_Material for this exercise_.
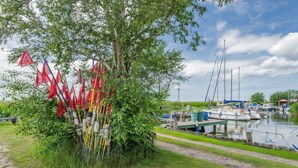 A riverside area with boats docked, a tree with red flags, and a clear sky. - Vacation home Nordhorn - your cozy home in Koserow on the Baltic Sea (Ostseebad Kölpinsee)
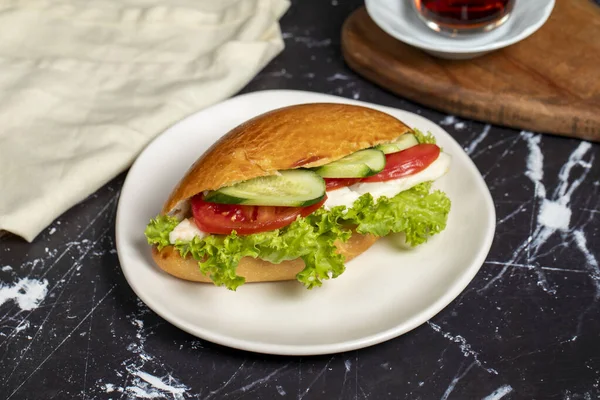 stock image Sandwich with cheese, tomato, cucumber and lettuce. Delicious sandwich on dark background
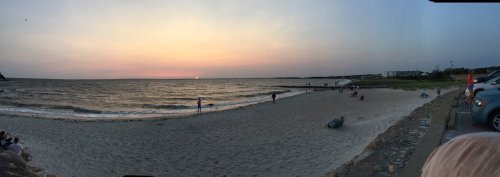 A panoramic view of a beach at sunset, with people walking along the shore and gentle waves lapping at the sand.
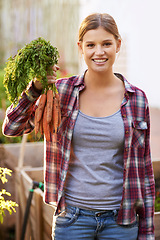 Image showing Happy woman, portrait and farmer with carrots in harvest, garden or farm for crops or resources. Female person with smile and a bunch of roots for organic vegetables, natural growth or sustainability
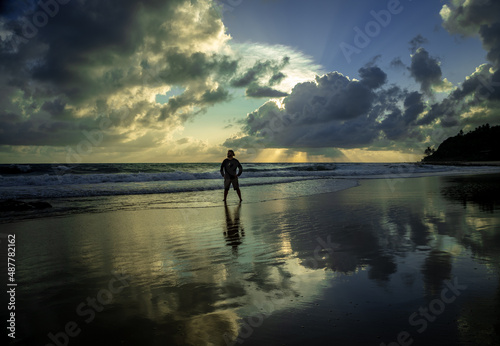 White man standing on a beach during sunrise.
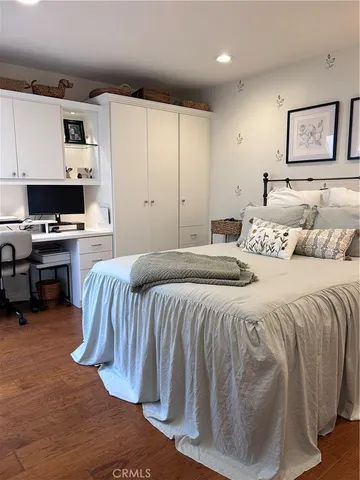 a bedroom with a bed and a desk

==

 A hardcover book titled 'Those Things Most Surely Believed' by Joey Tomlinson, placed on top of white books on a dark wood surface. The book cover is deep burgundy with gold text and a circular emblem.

_Task requirements_. Pictures in the material above should be skipped; print exactly the lines from the one with "A riverside area" through the one with "a bedroom with a bed and a desk".

_Exercise solution_.
 A riverside area with boats docked, a tree with red flags, and a clear sky. - Vacation home Nordhorn - your cozy home in Koserow on the Baltic Sea (Ostseebad Kölpinsee)
 stock image Sandwich with cheese, tomato, cucumber and lettuce. Delicious sandwich on dark background
 A panoramic view of a beach at sunset, with people walking along the shore and gentle waves lapping at the sand.
 Image showing Happy woman, portrait and farmer with carrots in harvest, garden or farm for crops or resources. Female person with smile and a bunch of roots for organic vegetables, natural growth or sustainability
 White man standing on a beach during sunrise.
 a bedroom with a bed and a desk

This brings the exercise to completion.